Despite nearly a week of feeling like we might very well perish, the Hat family did not, despite the effort of whatever weird intestinal/cold virus or viruses that afflicted us. Hooray. However, because of the staggered nature of illness in the family over time (if we were graphing this), it meant when pH was just fine to go to lessons and recitals and so forth, I wanted to crawl into a cave and die, but kH had already taken up the space in the cave so I did the driving and the listening. I’m standing by for a medal…oh, right. They don’t give those out.

In any case, I am terrible at being sick. I’m usually more miserable about all the crap I’m not doing than I am about how I feel, which makes me a very annoying sick person. I haven’t had time to vacuum/mop since the onset of illness, and  Kinetic Sand does not come out of a lot of things, including my yoga mat. This sounds like minor crap, but try being a professional struggling with being “just a mom” and see what kinetic sand in everything does to your ego. Okay, maybe it’s just me. But my house is a disaster. One day I wanted to die and simultaneously bemoaned the state of my house and also the fact it sucks to not have a professional outlet. kH appropriately rolled his eyes and politely told me to get over it.

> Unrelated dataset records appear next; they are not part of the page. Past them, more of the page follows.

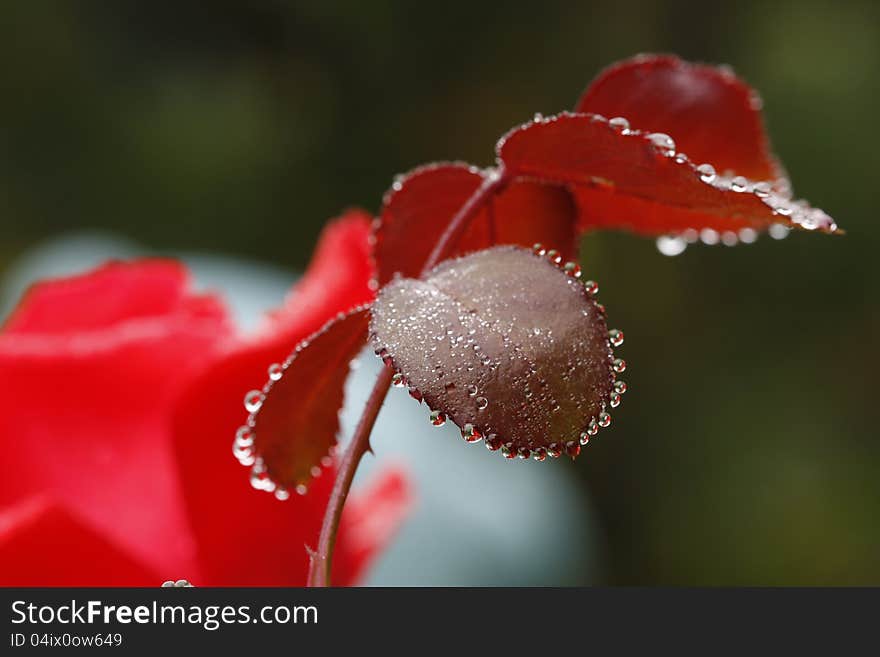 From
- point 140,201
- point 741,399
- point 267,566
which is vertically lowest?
point 741,399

So maybe it’s not a medal, but the next day I still felt miserable, but decided I was going to pitch something for a conference next year, started researching, and hello, dopamine! (Or whatever neurotransmitter you were. You rock.) There’s still Kinetic Sand everywhere, I don’t feel great, I am still a load of laundry behind, but between a new toner cartridge, unlimited JSTOR access and a ream of paper…I don’t care about the house quite so much.

That’s the last 10 days, right there. I whined, I didn’t vacuum, I managed to teach my kid some things, I got her to lessons, and I started researching something I’m passionate about.